Senior saya sering bangga saat menerima pemberian-pemberian dari anak didik. Tidak sedikit para pendidik juga menghubungi para anak didik ketika membutuhkan sesuatu. Dianggap sebagai hubungan mutualisme yang seharusnya tidak boleh. Apalagi untuk kebutuhan yang besar dan membuat seseorang bisa ketergantuangan terhadap orang lain yang mengharuskan ada balas jasa. Tidak mungkin hal ini ditolak tanpa melibatkan mentalitas dan ideologi.
Secara sederhana, melalui kamus bahasa, ideologi dapat dimaknai sebagai satu bangunan sistem kepercayaan yang menerangkan dan membenarkan sesuatu hal yang dicita-citakan dan memberikan strategi untuk mencapainya. Kepercayaan itu sendiri melingkupi nilai, ide, norma, kepercayaan, dan keyakinan yang dimiliki hingga menjadi dasar dalam menentukan sikap dan perilaku.
Cita-cita antikorupsi, ketika dikaitkan dengan ideologi, maka cita-cita itu menusuk hingga sistem kepercayaan. Orang atau sekelompok orang yang antikorupsi dikuatkan oleh nilai, ide, norma, kepercayaan, dan keyakinan yang dimilikinya bahwa sikap dan perilaku korupsi memang buruk. Salah satu ruang yang berpotensi untuk menggerakkan sistem kepercayaan semacam itu adalah perguruan tinggi. Tempat ini proses pendidikan, pengajaran, dan daur-ulangnya berlangsung. Kata-kata tinggi dari perguruan tinggi, menggambarkan tingkat pendidikan yang berbeda dari strata di bawahnya.

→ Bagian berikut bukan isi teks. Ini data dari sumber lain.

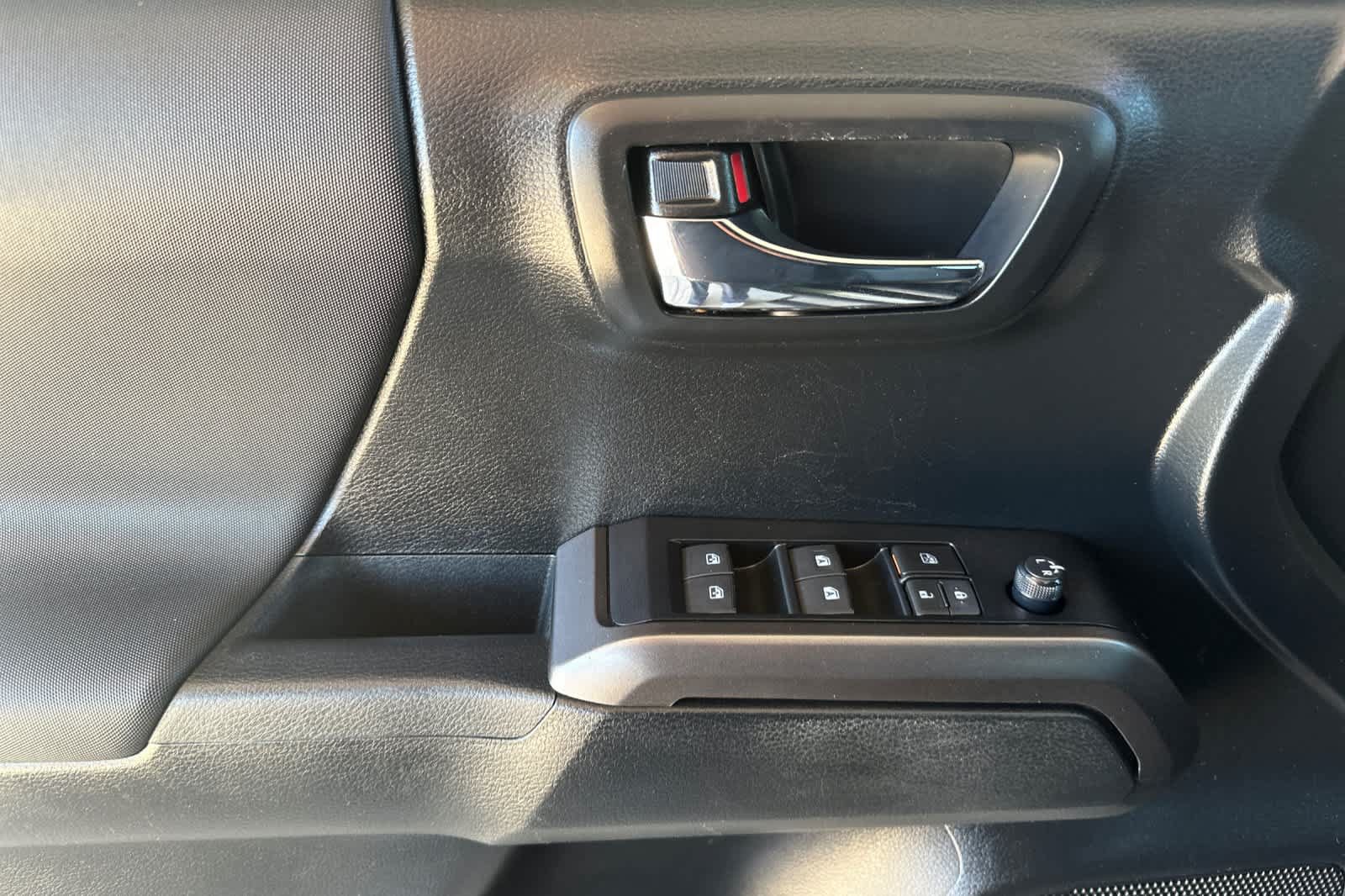 Used 2021 Toyota Tacoma TRD Off-Road w/ Technology Package AWD/4WD image 12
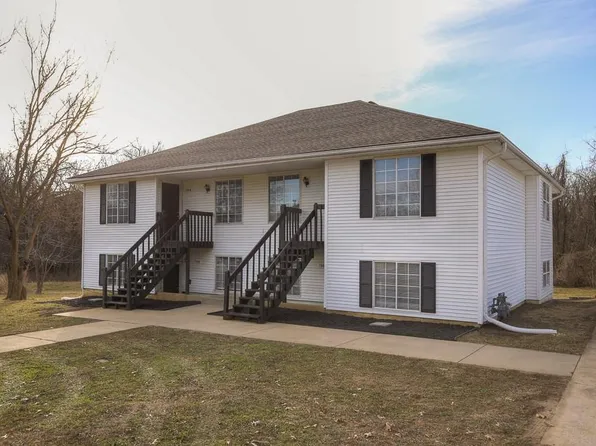 700 NE Ball Dr, Lees Summit, MO 64086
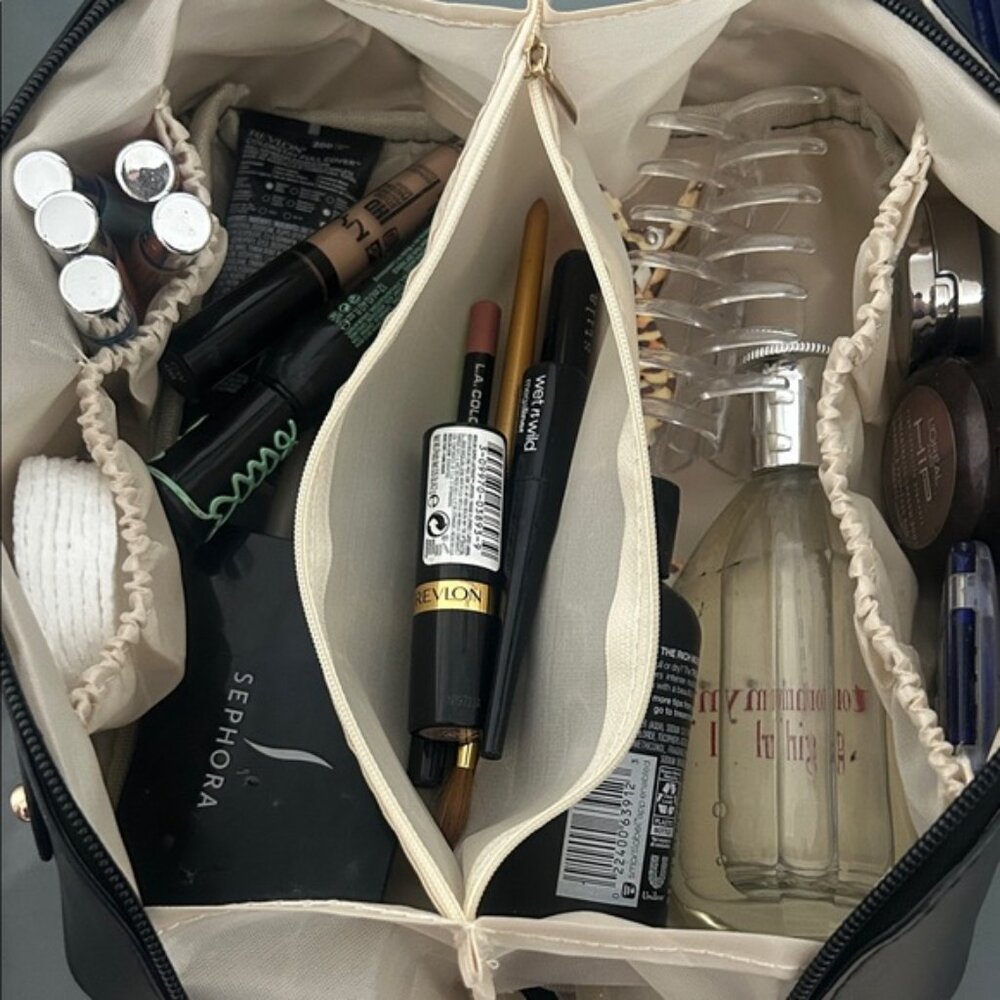 NEW Large Travel Makeup Bag - Black or Tan - Picture 16 of 16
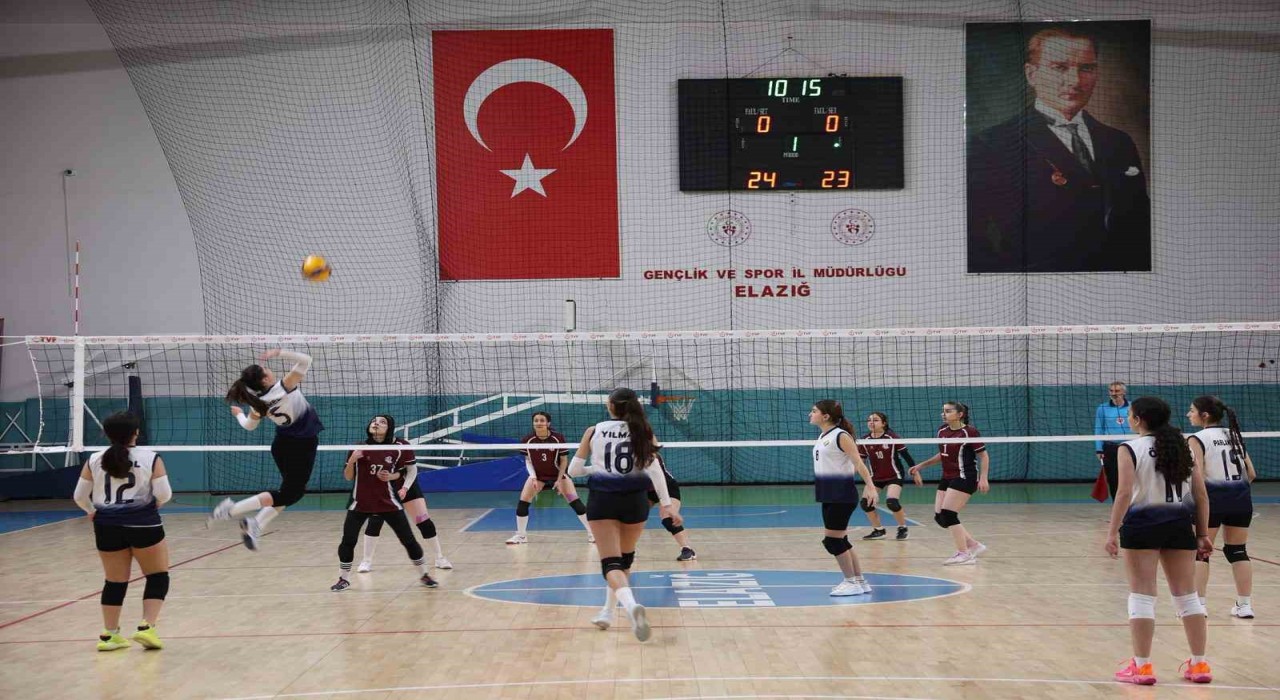 Elazığda voleybol müsabakaları tamamlandı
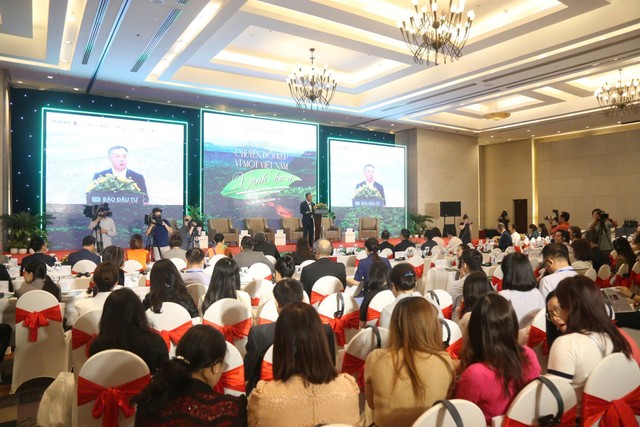 Toàn cảnh hội thảo "Tiên phong chuyển đổi kép vì một Việt Nam xanh hơn". Ảnh Dũng Minh.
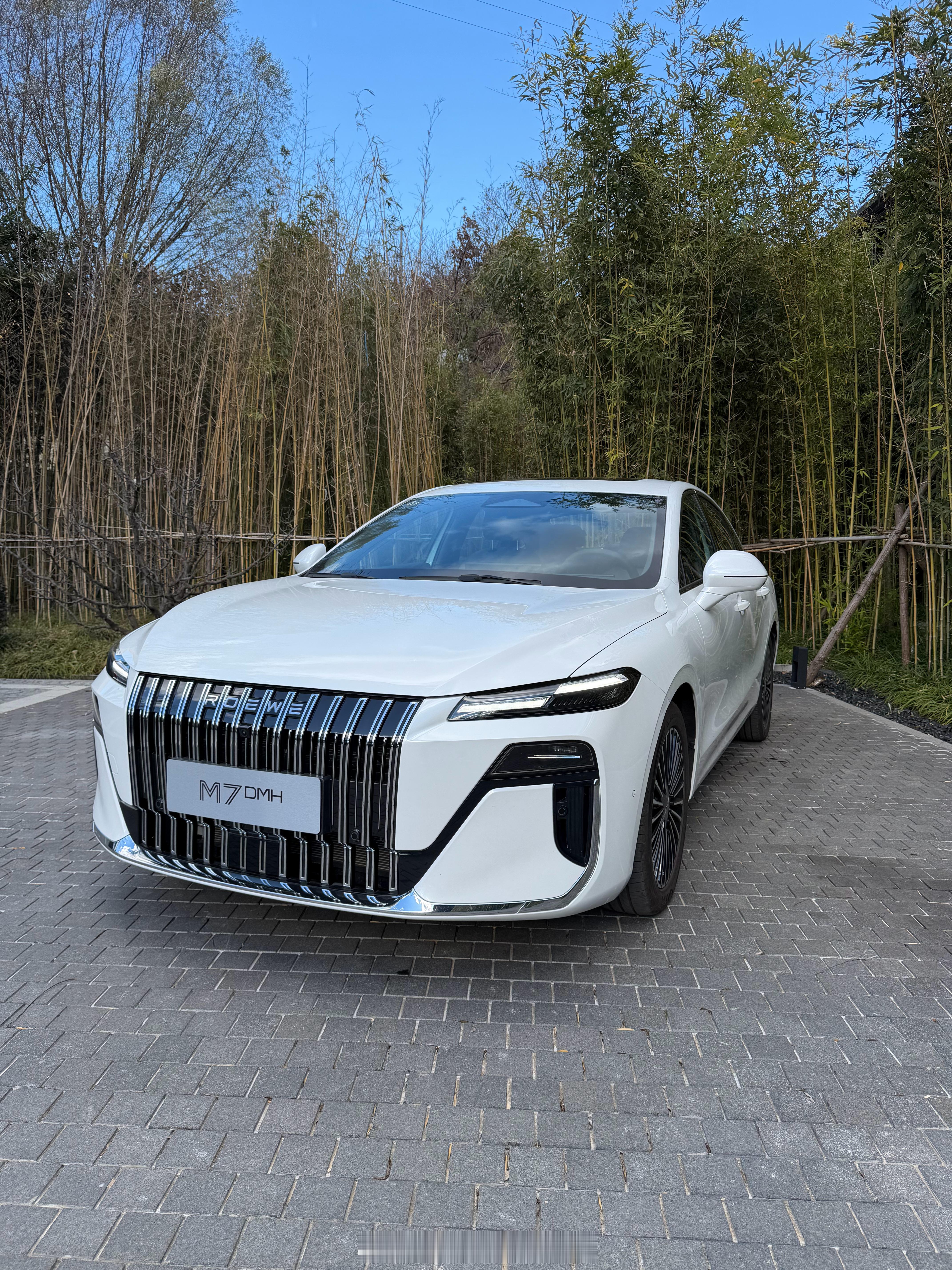 车机也上豆包大模型了感觉是以后的趋势完全没必要自研赓言赓语[超话]  ​​​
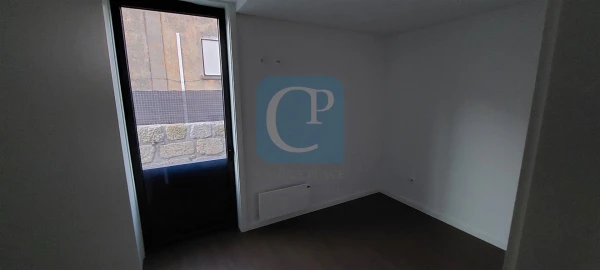 Apartamento T1 para Arrendamento em Paranhos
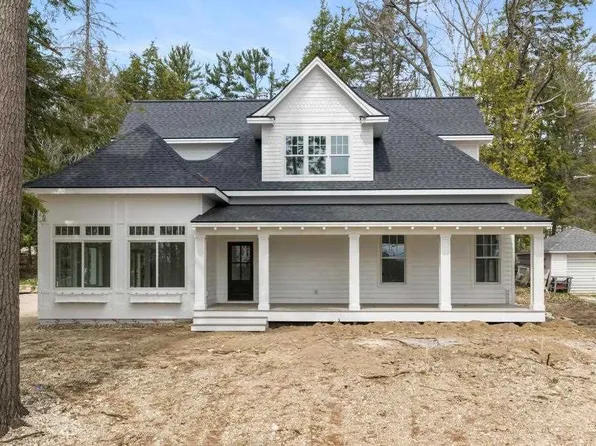 572 W Bluff Dr #C, Harbor Springs, MI 49740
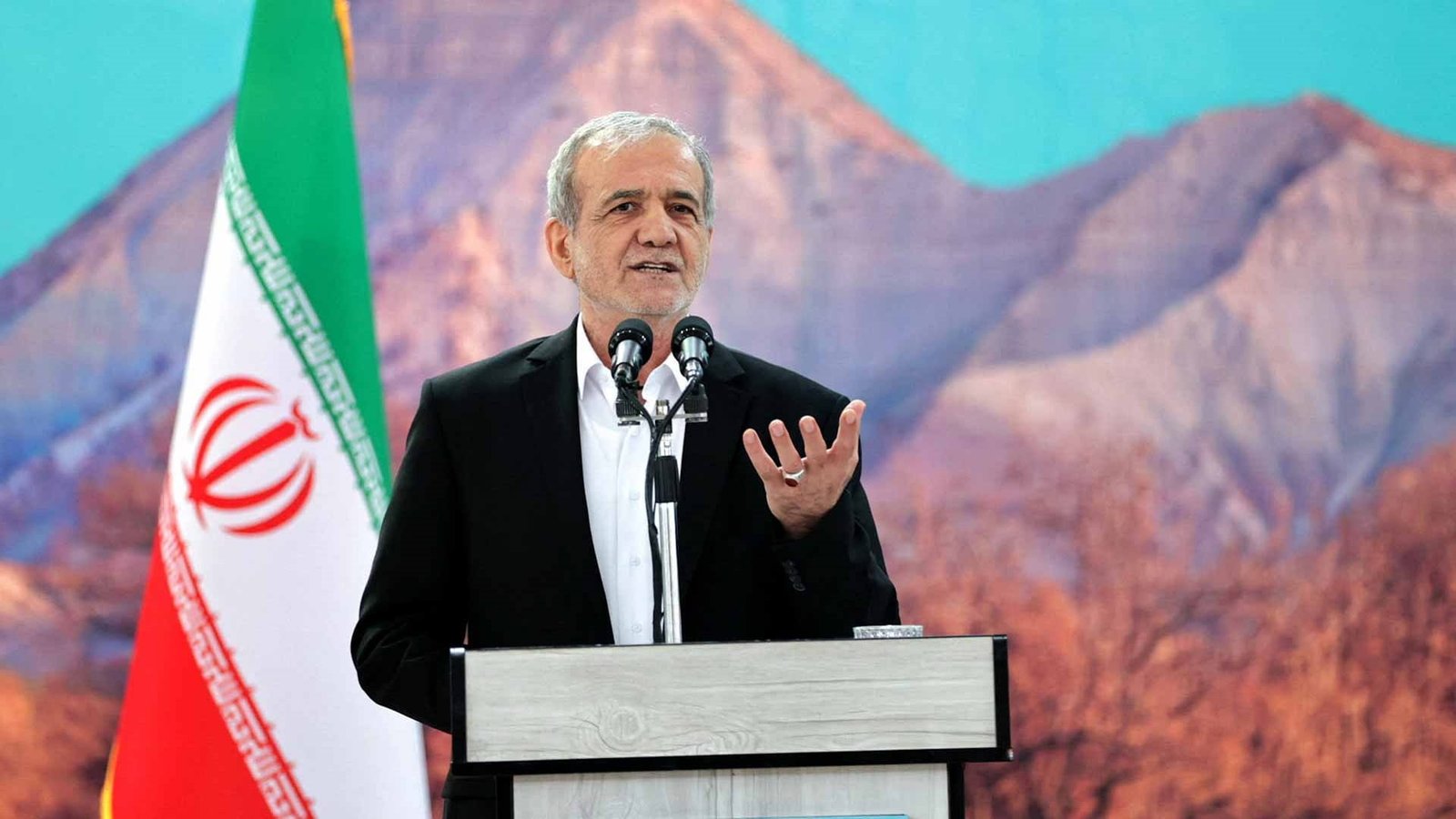 الرئيس الإيراني نشكر المرجع الأعلى السيد السيستاني لدعمه المتضررين من العدوان ونثمن تضامن الشعب العراق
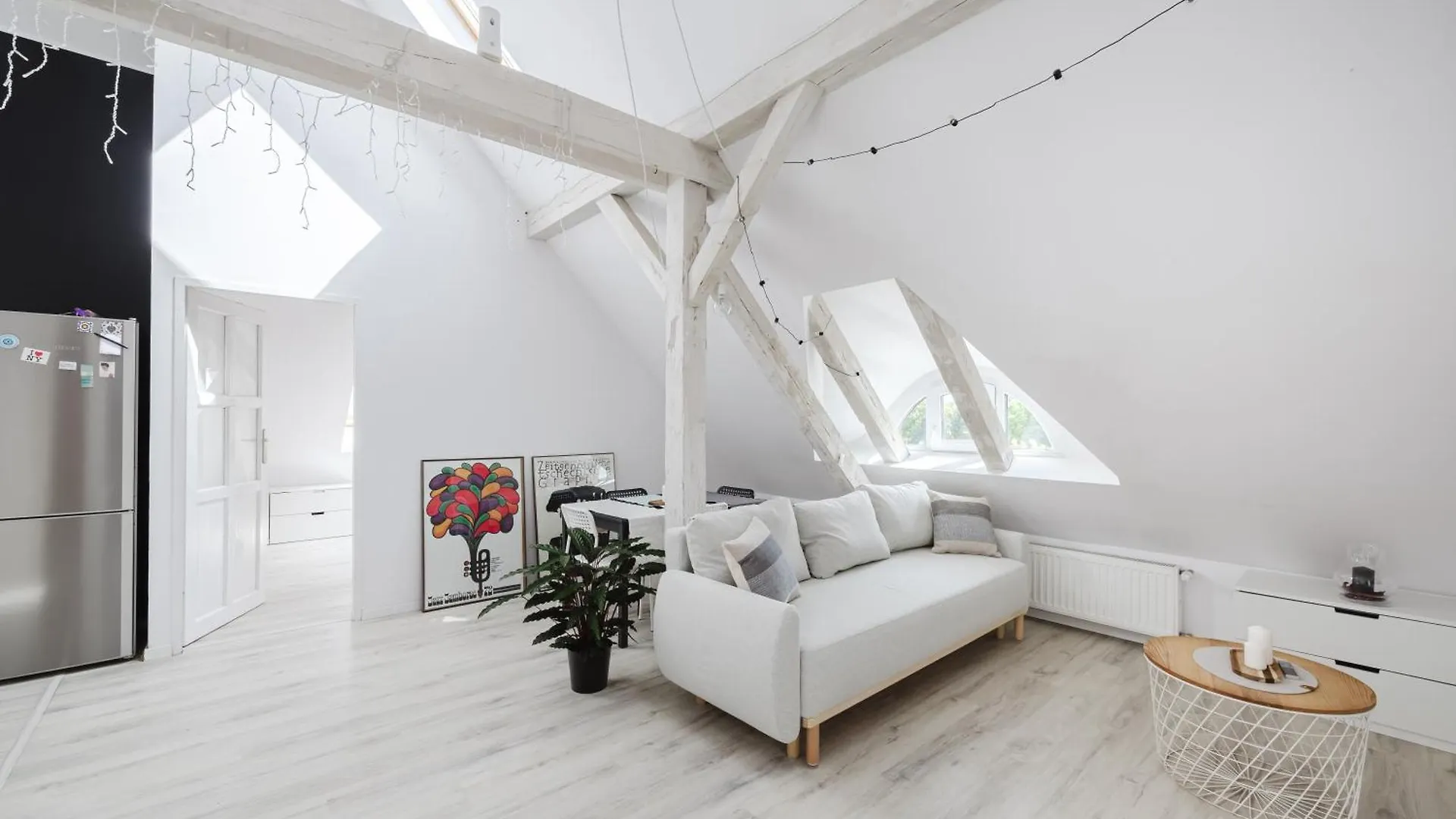 Scandinavian Loft Apartment 포즈난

Pendidikan dan pengajaran tingkat perguruan tinggi dipandang sudah lebih mapan dalam memahami berbagai level ilmu dan pengetahuan. Oleh karenanya, perguruan tinggi paling potensial untuk melahirkan dan menancapkan ideologi antikorupsi, sekaligus melakukan perlawanan terhadap perilaku korupsi. Akan tetapi, potensi itu masih dihitung-hitung. Kenyataannya, perilaku korupsi justru banyak dilakukan oleh kaum terdidik.
Untuk melakukan kejahatan ini membutuhkan kepandaian, sehingga spesifikasi kejahatan korupsi termasuk dalam kategori kejahatan kerah putih. Angka yang ditampilkan dalam statistik korupsi sungguh mencengangkan. Pertama, angka korupsi, baik yang sedang disasar, diperiksa, maupun dipenjara, dari tahun ke tahun terus meningkat jumlahnya. Kedua, ada kecenderungan semakin berubah orang, dengan semakin banyak tokoh terhormat dan orang bergelar pendidikan lebih tinggi yang menjadi pelaku.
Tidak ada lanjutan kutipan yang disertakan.